Potato, Rosemary, Caper and Tomato Spaghetti

This was made when I got home exhausted on Sunday having been away, with two friends coming over to watch TV (see below). I did not want to go to the shops and had a random assortment of things in the fridge. It was tasty and satisfying. 

This was for three


approx. 5 small potatoes (I had waxy red ones)

sprig of rosemary

handful small tomatoes

1 tablespoon capers

1 lemon

extra virgin olive oil


How I made it:

Finely slice the potatoes into rounds about 2 mm thick – I left the skin on. Place them in a large frying pan with a few glugs of good quality olive oil, and the rosemary.
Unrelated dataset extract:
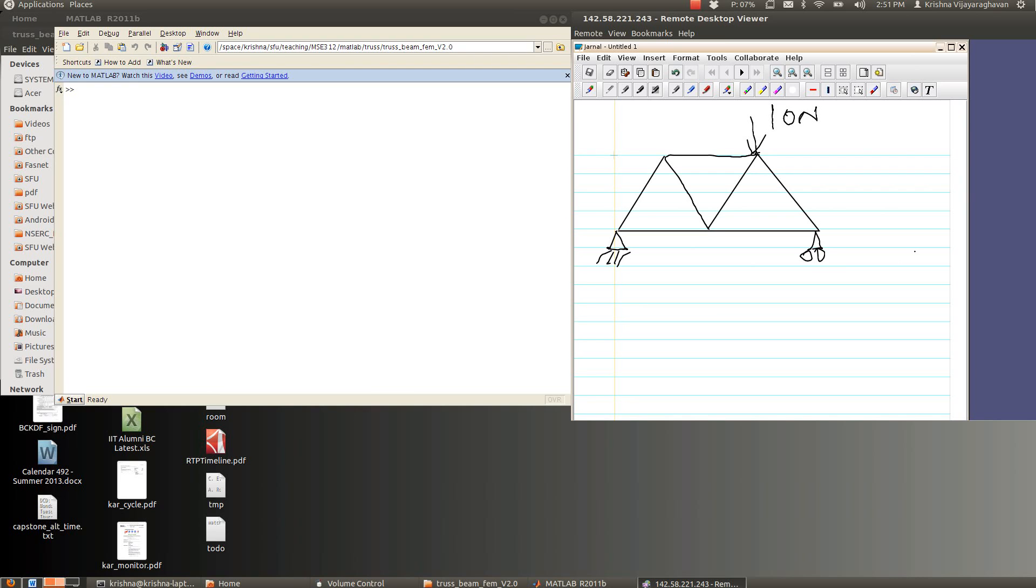We're going to label the vertices starting at the left bottom counterclockwise. So we're going to call this vertex 1, this is going to be vertex 2, this is going to be vertex 3, 4, 5, not too difficult.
Cook on a medium heat for 30 mins, turning them and scraping them off the bottom of the pan every few minutes. 

When about 20 mins through, put on salted water to boil for the pasta. When boiling, put spaghetti in to cook for about 8/9 mins.

Chop up tomatoes and season with salt and olive oil.

When the potatoes are cooked, turn off the heat and stir in raw, seasoned tomatoes, and capers and squeeze the juice of the lemon in. Season well (or to taste) with salt. 

Drain pasta.

Stir it all together. Adding more olive oil if necessary.

Eaten with:

A dressed rocket salad, parmesan on top, and a glass or two of white wine.